Shooting Tempered Glass at One Million Frames per Second
These balanced stresses mean that a sheet of tempered glass eats up more of a bullet’s momentum upon impact. Early WWII-era bullet resistant glass was made by laminating together layers of tempered glass; a bullet might shatter the first couple layers of this “glass sandwich,” but that shattering would slow the bullet enough to keep it from cracking through the barrier.
Shooting Bullet Resistant Acrylic
At the 1:52 mark we finally see a legitimate piece of bullet resistant glass get shot. This is sheet of monolithic acrylic (the shot is repeated in slow-mo at 2:16). You’ll note that this true bullet resistant glass behaves very differently from either of the other kinds of glass. The thick, solid acrylic stops the bullet in its tracks.

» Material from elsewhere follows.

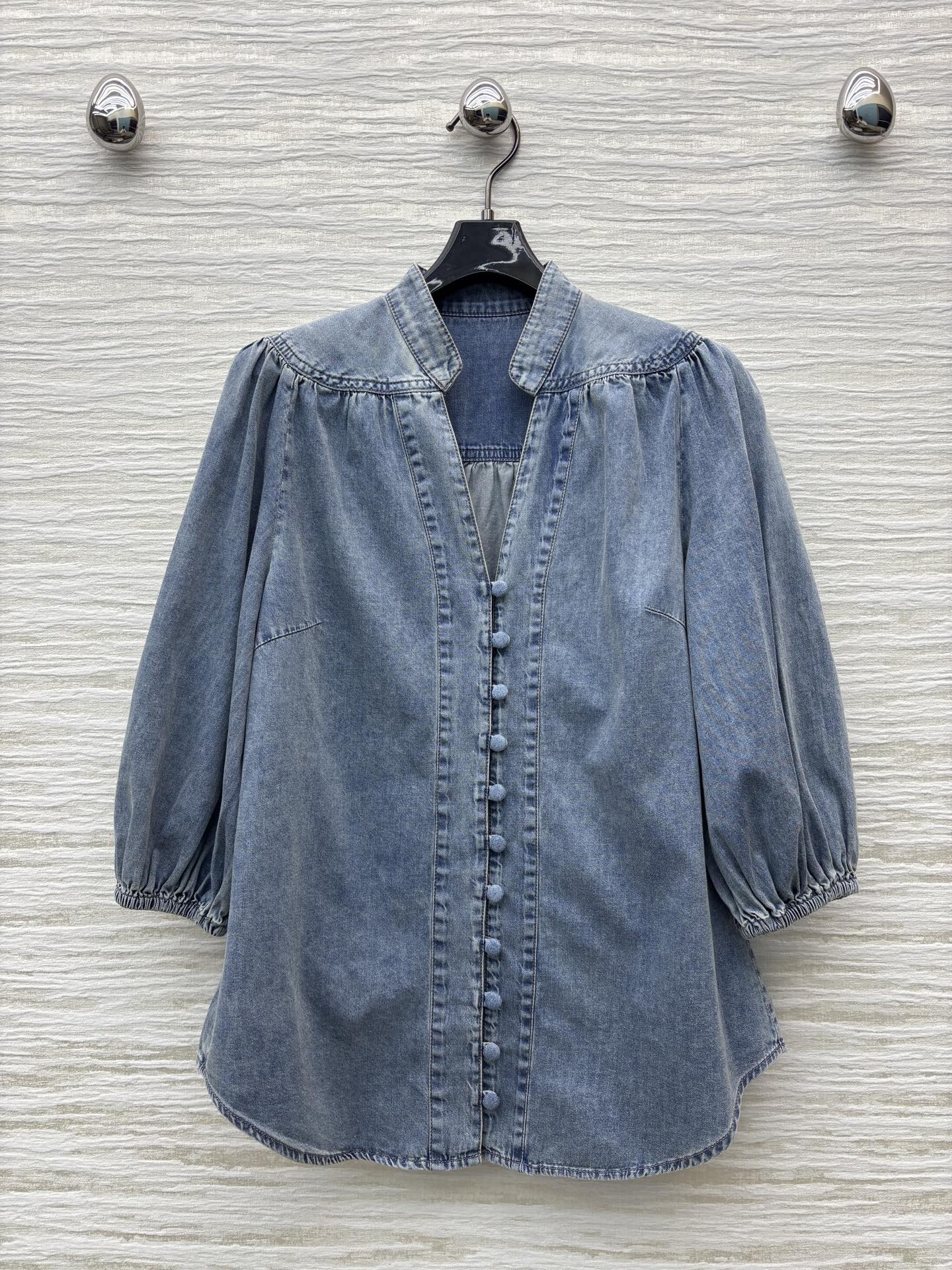 小众品牌Z家25年春夏新品 系列 灯笼袖V领牛仔衬衣时髦必备款 V领灯笼袖宽松版型 上身打造性感减龄气质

Sharp-eyed viewers will see the acrylic jump back a little: since the bullet slams into the acrylic–rather than popping through–the bullet resistant glass is obliged to absorb all of the bullet’s forward momentum. Because the shot is from such close range and dead on, the bullet doesn’t even ricochet. Instead, its energy is converted to heat by the impact, and the bullet melts. The boiling lead then spatters away as tiny droplets, which splash across the acrylic, marring its surface. (In this section of the one-million frame-per-second super-slow-mo footage you can see bullets actually boil and shatter as they hit lead blocks).
Shooting Bullet Resistant Polycarbonate
The other popular bullet resistant glass, vital to higher-level bullet proof systems, is polycarbonate. In this video, Adam Savage and Jamie Hyneman of Mythbusters explore a number of common “bullet proof” myths (e.g., Can a deck of cards stop a .22? What about a lighter? A Bible?), including their own perception that the quarter-inch polycarbonate they use in their blast shields is bullet proof (spoiler alert: it isn’t).
Of most interest to us is the last half of the video, where they shoot at an actual Level 3 bullet resistant polycarbonate box. This starts around the 5:00 mark. At 5:35 they’ve just shot the box with a .357 Magnum. Rather than boiling away or ricocheting, the bullet is encased in the thermoplastic. This is because the polycarbonate is significantly softer than acrylic, allowing the bullet–which is designed to penetrate–to push underneath the surface of the polycarbonate. The polycarbonate behaves like a very thick fluid offering a tremendous amount of resistance, and successfully sapping the bullet of its energy.
Having stopped a .22, .357 Magnum, and .44 Magnum, the Mythbusters pit their Level 3 bullet resistant glass box against a .30-06 at 6:32. Level 3 bullet resistant glass is rated to resist several shots from a 9mm, .357, or .44–and can often even stop bullets from an M16 or AK-47–but you need Level 4 glass to stop a high powered rifle. And as you see in the video, that .30-06 bullet pops through the Level 3 polycarbonate just as easily as the .38 popped through the plate glass in the first video. Host Jamie Hyneman marvels that the box “didn’t even jump.” This indicates that almost none of the bullet’s momentum was transferred to the bullet resistant box. Because the box couldn’t absorb the forward energy, the bullet cracked straight through. Compare this to the .44 shot at 6:08: The box easily caught the bullet, sliding back to absorb the bullet’s momentum.